RAW DATA below:

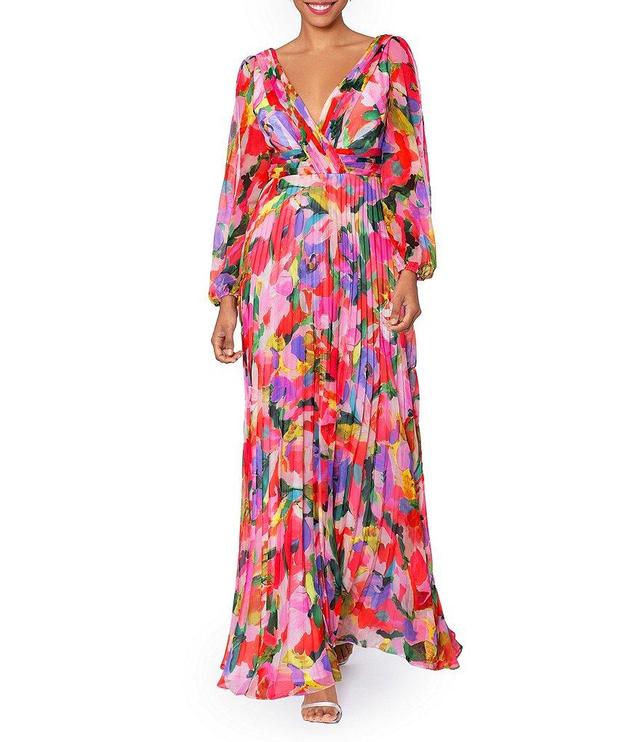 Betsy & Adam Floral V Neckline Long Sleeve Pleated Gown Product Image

End of RAW DATA.
RAW DATA below:

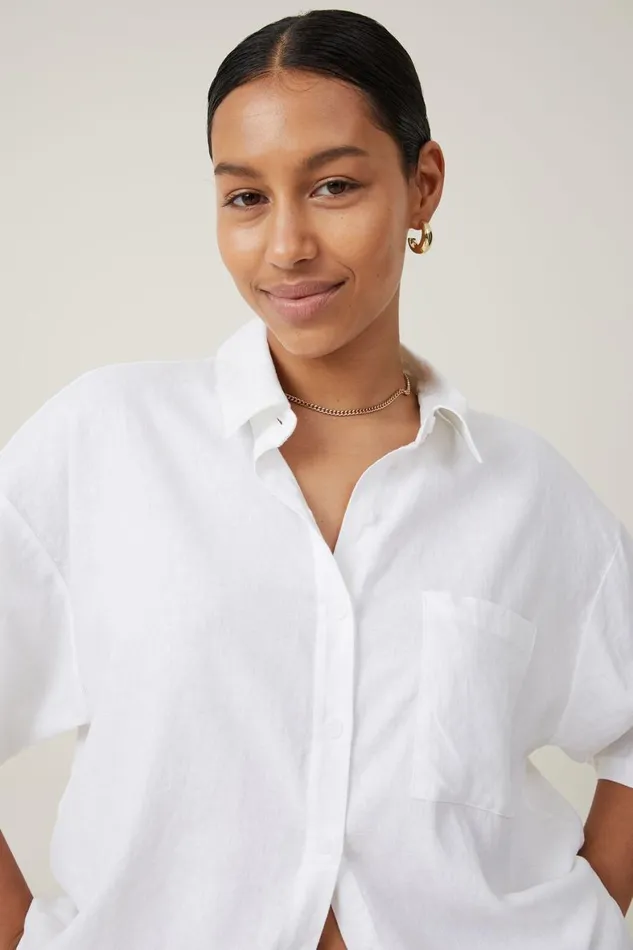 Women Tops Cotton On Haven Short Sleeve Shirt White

End of RAW DATA.
RAW DATA below:

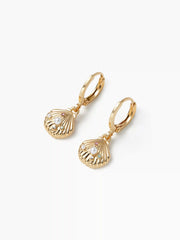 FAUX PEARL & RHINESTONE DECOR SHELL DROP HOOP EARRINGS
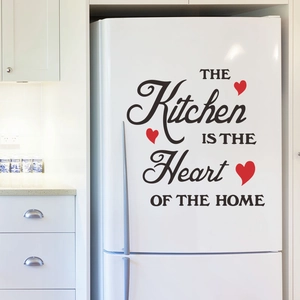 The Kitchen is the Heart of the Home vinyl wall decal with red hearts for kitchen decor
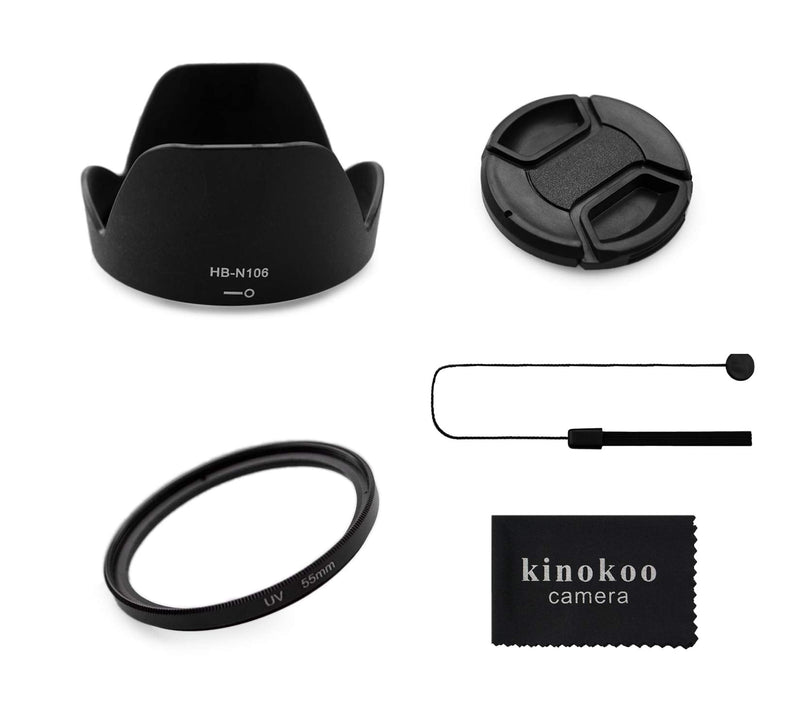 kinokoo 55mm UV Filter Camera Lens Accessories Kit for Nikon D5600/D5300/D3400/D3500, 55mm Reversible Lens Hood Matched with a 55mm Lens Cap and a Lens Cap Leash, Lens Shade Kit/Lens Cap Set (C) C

End of RAW DATA.

■ **ACTION ITEM**:
From the records above, transcribe only the stretch from the line with "The Kitchen is" through the line with "kinokoo 55mm UV", keeping both ends. Omit pictures.

■ **EXERCISE OUTPUT**:
 The Kitchen is the Heart of the Home vinyl wall decal with red hearts for kitchen decor
 kinokoo 55mm UV Filter Camera Lens Accessories Kit for Nikon D5600/D5300/D3400/D3500, 55mm Reversible Lens Hood Matched with a 55mm Lens Cap and a Lens Cap Leash, Lens Shade Kit/Lens Cap Set (C) C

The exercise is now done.